Anyway, the point if there is one is that even with medication you still get the lows. And this is a great place to kvetch and moan about how you feel as you don’t have to face anybody here in the waking, so ‘search your feelings’ Inigo and feel free to vent all you like. Better here than to your kids and all. Just be sure to have a safety word if you’re gonna beat yourself up. (My safety word is “ouch”, the cue to stop doing that, but I don’t pretend it works for everybody.)

“Not everything in life work like it supposed to, but aspirin do.” (The Black Fuhrer of Harlem from Mother Night- the character’s name eludes me as does why I like the quote in this context.)

Oooh… oooh, idea for an in person DopeFest…

Two things that are really hot right now: One is Texas Hold’em, another is psychotropic medications. And they make perfect chips and we can all benefit from trying out new scrips once in a while…

Who’s in? First hand Black Queens are wild and a minimum 20 mg/maximum 50 mg buy-in.

It sounds like you’re coming to terms with the shit your brain does. My apologies if you feel like I’m jumping all over your shit – but you and I have had (brief) encounters before, when you’ve been posting manic, I’ve said something, and you’ve said, basically “yeah, whatever, woo hoo, shut up.”

If you’re not doing that – great. If your meds are putting you into a depressed state, as others have said, they’re not the right meds – go back to the doctor and see about trying something else. (A different med, not an additional med.

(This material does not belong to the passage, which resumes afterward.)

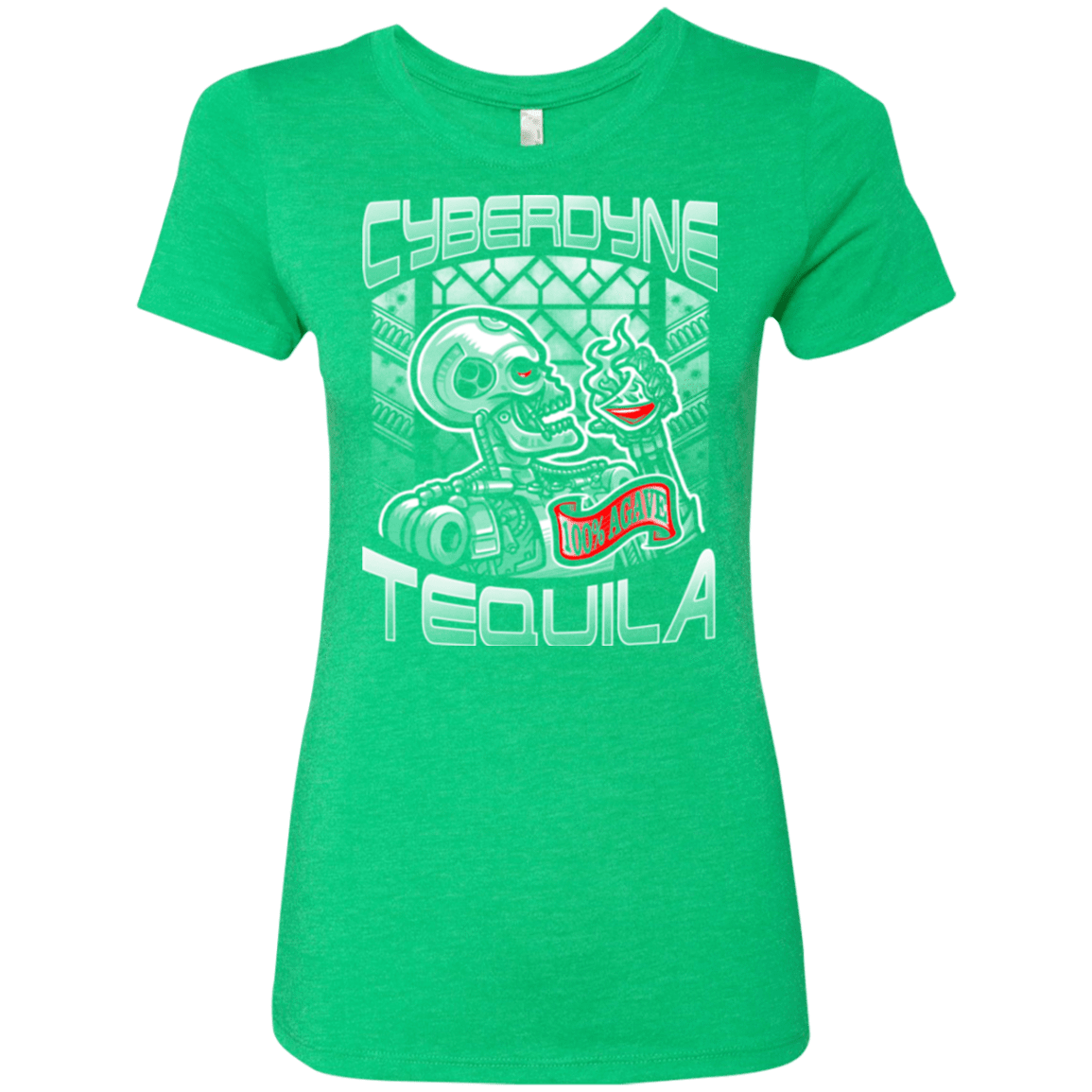 T-Shirts Envy / Small Cyberdyne Whiskey Women's Triblend T-Shirt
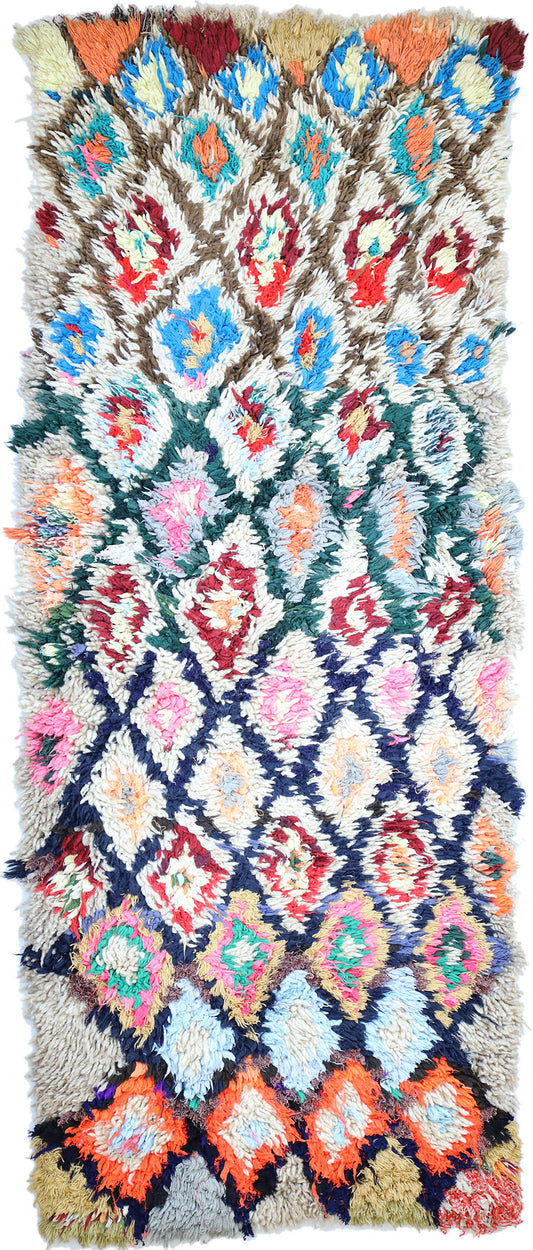 3 x 7 Vintage Moroccan Rug 20842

My bipolar brother has spent the last six or eight years merely adding new drugs to the existing stew, to the point where he’s not entirely functional – to the great delight of his wife and children.)

300mg Wellbutrin nowadays. Prozac sort of worked for a couple months, then almost nothing for a long time, and then it turned on me. My kid’s got some Abilify and Lamictal which has really helped him–it wouldn’t be right to gamble them away. I never did get the hang of Texas Hold 'em.

Oops, sorry.

::climbs down from soapbox, straightens out recently jerked knees from response posture::

Sometimes all a person can do is what the best shrinks themselves generally try to do, which is try something, and if it doesn’t work, try something else. But it’s best (IMHO) to avoid polyphamacy and to detox completely off Drug A before giving Drug B a whirl, otherwise one’s state of mind and emotion can’t be attributed to anything specific.

I actually remembered that little quip of yours and took it to heart by the way. Not an episode goes by that I don’t think about it. But that’s what I’m talking about–it’s like having three brains all going full speed at the same time and only one body to express anything. The result is you took away “yeah, whatever, woo hoo, shut up” from the exchange, and I took away “Hm, good point–let’s watch for what’s really going on next time and adjust accordingly.” So because of you I don’t enjoy mania anymore. Bitch.

But you didn’t know that because I wasn’t able to consider anyone else as an independent being and so didn’t care to validate your point to you. The inability to escape from those one-way interactions is what does the damage that I end up facing later.